Mix together the flour and salt in a mixing bowl, then drizzle the coconut oil to form crumbs. Quickly add the olive oil by tablespoonful until the mix is pebbly. Mix 2 tablespoons of water and the apple cider vinegar in a different bowl and add to the flour mix with a wooden spoon to stir. Add more ice water as needed, 1 tablespoon at a time, until you can make the mixture into a ball. It’s okay to use your hands for this, just be careful to not overmix.

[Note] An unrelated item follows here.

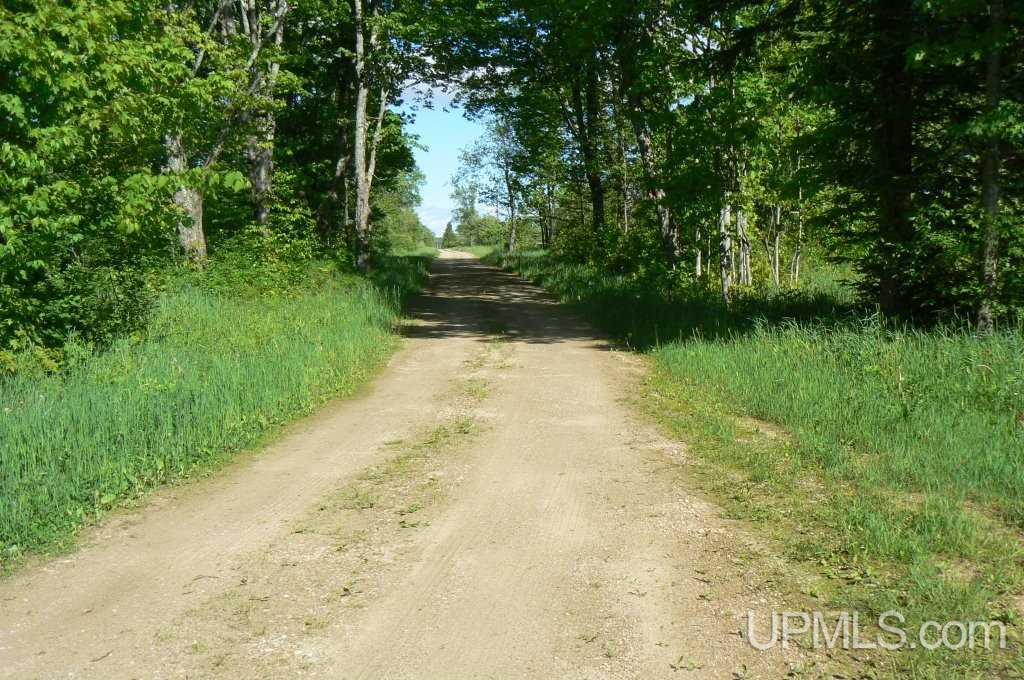 Tbd North Samuelson Road Chatham, MI 49816 - Photo 4 of 10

Press the dough into a disk about 1 inch thick and place between two 14-inch-long pieces of wax (or parchment) paper. Use a rolling pin to uniformly flatten it to about ¼ inch thick. Refrigerate for a bit while you make the filling, then press the crust into a 9-inch pie plate. Preheat the oven to 350 degrees Fahrenheit.

Filling:

  • 3 cups (2 cans) canned pumpkin or other sweet winter squash
  • ½ cup pure maple syrup
  • ½ cup nondairy milk
  • 4 teaspoons canola oil (I use grapeseed or sunflower)
  • 2 tablespoons cornstarch
  • 1 teaspoon agar powder
  • 1 teaspoon ground cinnamon
  • 1 teaspoon ground ginger
  • ¼ teaspoon ground nutmeg
  • Pinch of ground gloves
  • ½ teaspoon salt

In a blender, pulse together the ingredients, then pour the mix into the prepared pie dish and bake at 350 degrees Fahrenheit for 60 to 65 minutes. Check partway through to make sure the crust isn’t browning too much; if it is, apply a crust protector. Cool for 30 minutes and then refrigerate for 4 hours before serving, which allow it to firm. I didn’t have agar powder, so I tried to use guar gum. I may have not used the correct amount, since it came out a bit gooey.


What are your favorite vegan twists on traditional holiday foods?